Golden Valley Cnty. v. Miller

Decision Date23 July 1928
Docket NumberNo. 5529.,5529.
Citation220 N.W. 839,57 N.D. 101
PartiesGOLDEN VALLEY COUNTY v. MILLER.
CourtNorth Dakota Supreme Court
OPINION TEXT STARTS HERE
Syllabus by the Court.

The law governing the issuance of tax deeds must be construed strictly.

A purported notice of the time of the expiration of the period of redemption, which does not bear the signature of the county auditor, is of no effect.

Though a tax deed is, under the statute, “prima facie evidence of the regularity of all the proceedings from the assessment and valuation of the land by the assessor up to the execution of the deed,” yet if the evidence shows no proper notice of the time of the expiration of the period of redemption was issued or served, this “prima facie evidence” will not support the tax deed issued.

Appeal from District Court, Golden Valley County; H. L. Berry, Judge.
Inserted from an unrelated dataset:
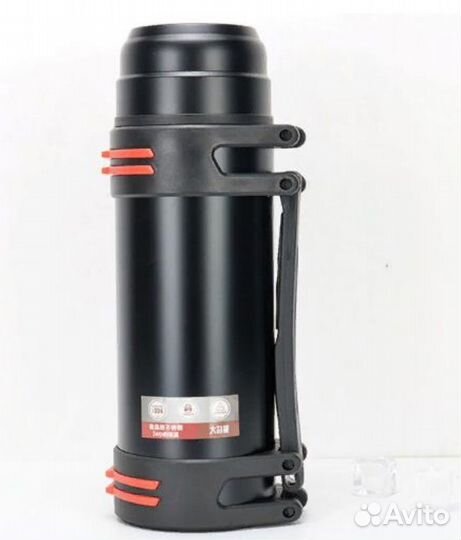 Термос 2 литра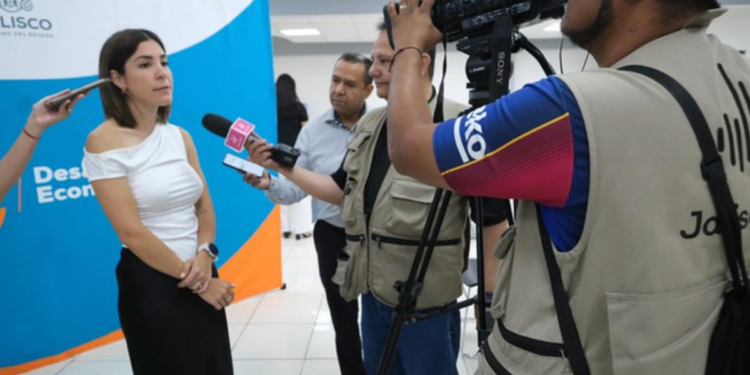 Anuncia SEDECO estrategia Crecer al Estilo Jalisco con una bolsa de 166.5 millones de pesos en incentivos para negocios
Action by Golden Valley County against J. A. Miller. Judgment for plaintiff, and defendant appeals. Modified, and, as modified, affirmed.J. A. Miller, of Beach, and Crawford, Cain & Burnett, of Dickinson, for appellant.

Keohane & Oppegard and H. L. Halliday, all of Beach, for respondent.

BURR, J.

The plaintiff seeks to quiet title to lot 6, block 3, of the original townsite of Beach, and in the complaint alleges that it is the owner in fee of the said property and that the defendant, Miller, claims an interest therein.

The defendant, Miller, says that at one time he was the owner of the property involved; that the plaintiff claims to be the owner on account of a tax deed issued by the auditor of Golden Valley county; that the tax deed is void in that the assessments and taxes levied upon the property, the basis for the tax deed, were in excess of the amount permitted to be levied, and that before the issuance of the tax deed he received no notice of expiration of the time of redemption.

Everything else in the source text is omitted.